Thanks, there’s not really much additional code to share. By temporarily inserting forced garbage collection (GC.Collect()) into the page processing loop I can confirm that memory is unreferenced after each page is rendered. As we’re running in Kubernetes I suspect that the amount of available memory is not being reported to the container correctly, as .NET is not performing garbage collection before the memory limit is reached.

The code that calls into the second code block above looks like this:

// Open stream to send to GroupDocs
await using var stream = await _fileStorage.OpenReadAsync(fileUri);
// Call processing code (returns IEnumerable<MemoryStream>)
var pageImages = _fileParserAdapter.ParsePagesToImages(stream, extension);
// Call code in second block below (iterates through the IEnumerable which actually performs the per-page conversion to JPG on each iteration
var result = await CreateSystemEntriesAsync(pageImages, programId, "jpeg", pageDirectory);

The code that iterates through the IEnumerable just saves the file to our file storage and persists metadata to the database:

foreach (var ms in streams) {
    ms.Position = 0;
    // Save to file storage and do some database stuff
}

@petecodes

Thank you for sharing the code you have. Please consider the following code

using System.IO;
using GroupDocs.Viewer;
using GroupDocs.Viewer.Options;
using GroupDocs.Viewer.Interfaces;

namespace ViewerSampleApp
{
    static class Program
    {
        static void Main()
        {
            using (Viewer viewer = new Viewer("sample.docx"))
            {
                var streamFactory = new SingleMemoryPageStreamFactory();
                var viewOptions = new JpgViewOptions(streamFactory);

                viewer.View(viewOptions);
            }
        }
    }

    internal class SingleMemoryPageStreamFactory : IPageStreamFactory
    {
        private readonly MemoryStream _stream  = new MemoryStream();

        public Stream CreatePageStream(int pageNumber) => _stream;

        public void ReleasePageStream(int pageNumber, Stream _)
        {
            _stream.Position = 0;

            // Save to file storage and do some database stuff

            ResetStream();
        }

        private void ResetStream() => _stream.SetLength(0);
    }
}

This solution should ensure that you’re using a single memory stream instance while synchronously rendering the pages one by one.
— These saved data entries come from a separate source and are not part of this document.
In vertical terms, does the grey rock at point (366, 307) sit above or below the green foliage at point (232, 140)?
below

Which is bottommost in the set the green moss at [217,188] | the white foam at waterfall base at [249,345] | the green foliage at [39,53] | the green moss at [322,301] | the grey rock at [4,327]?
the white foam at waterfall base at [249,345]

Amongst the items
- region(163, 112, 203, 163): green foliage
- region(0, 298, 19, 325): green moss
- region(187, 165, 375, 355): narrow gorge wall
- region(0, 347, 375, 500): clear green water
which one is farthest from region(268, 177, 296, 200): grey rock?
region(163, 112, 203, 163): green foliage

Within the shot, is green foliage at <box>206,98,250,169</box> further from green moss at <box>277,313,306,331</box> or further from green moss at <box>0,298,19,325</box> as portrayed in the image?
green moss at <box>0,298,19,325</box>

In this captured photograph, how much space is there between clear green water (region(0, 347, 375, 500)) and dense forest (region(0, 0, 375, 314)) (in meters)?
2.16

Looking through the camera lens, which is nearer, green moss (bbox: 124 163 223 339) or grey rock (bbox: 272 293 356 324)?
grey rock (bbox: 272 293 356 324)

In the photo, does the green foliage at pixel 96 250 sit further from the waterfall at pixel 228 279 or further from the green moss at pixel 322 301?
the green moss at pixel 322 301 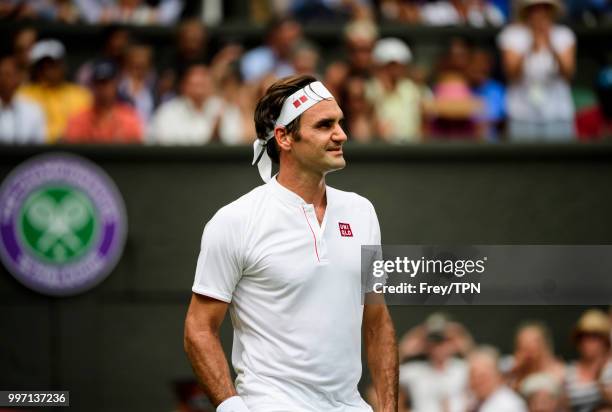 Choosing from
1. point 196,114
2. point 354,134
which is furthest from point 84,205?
point 354,134

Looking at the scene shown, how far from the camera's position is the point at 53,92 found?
923 centimetres

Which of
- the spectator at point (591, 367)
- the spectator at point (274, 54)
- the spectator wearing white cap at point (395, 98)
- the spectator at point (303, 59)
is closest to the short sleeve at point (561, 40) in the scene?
the spectator wearing white cap at point (395, 98)

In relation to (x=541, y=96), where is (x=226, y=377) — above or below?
below

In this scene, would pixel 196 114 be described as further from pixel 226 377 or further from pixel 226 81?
pixel 226 377

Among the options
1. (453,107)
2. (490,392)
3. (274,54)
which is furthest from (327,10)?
(490,392)

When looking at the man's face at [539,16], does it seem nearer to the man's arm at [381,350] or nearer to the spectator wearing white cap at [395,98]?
the spectator wearing white cap at [395,98]

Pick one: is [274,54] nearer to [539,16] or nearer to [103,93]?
[103,93]

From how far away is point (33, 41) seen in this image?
971cm

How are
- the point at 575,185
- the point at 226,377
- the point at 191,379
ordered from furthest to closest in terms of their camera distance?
the point at 575,185 < the point at 191,379 < the point at 226,377

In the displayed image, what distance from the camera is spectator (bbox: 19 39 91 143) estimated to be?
9.09 meters

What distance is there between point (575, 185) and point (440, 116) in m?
1.12

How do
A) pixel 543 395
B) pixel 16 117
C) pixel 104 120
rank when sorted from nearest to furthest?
pixel 543 395
pixel 104 120
pixel 16 117

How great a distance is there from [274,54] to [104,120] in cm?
160

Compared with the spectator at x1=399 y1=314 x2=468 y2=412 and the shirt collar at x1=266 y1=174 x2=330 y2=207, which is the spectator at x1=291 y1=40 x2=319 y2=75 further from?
the shirt collar at x1=266 y1=174 x2=330 y2=207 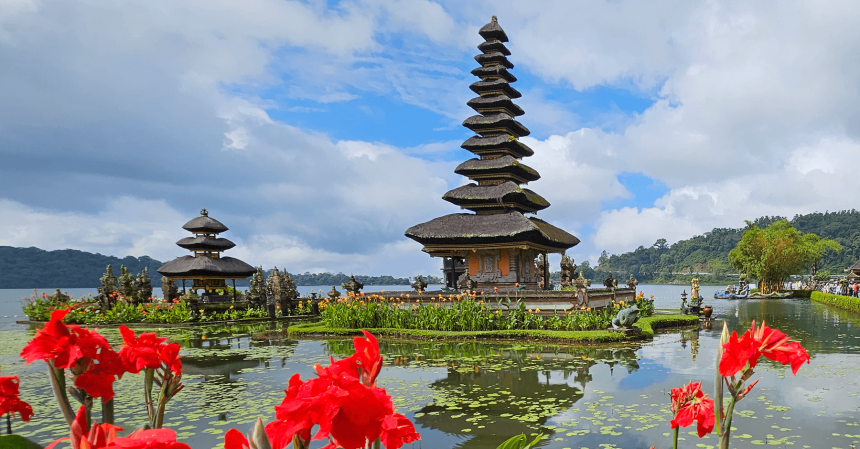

I’ll try it out but expect problems because my “Save to file storage” code is async. Any plans to make the IPageStreamFactory methods async?

@petecodes

At the moment we do not have plans to make IPageStreamFactory methods async but we’ll consider adding async methods to Viewer class and related *StreamFactories as these types are actually responsible for IO operations.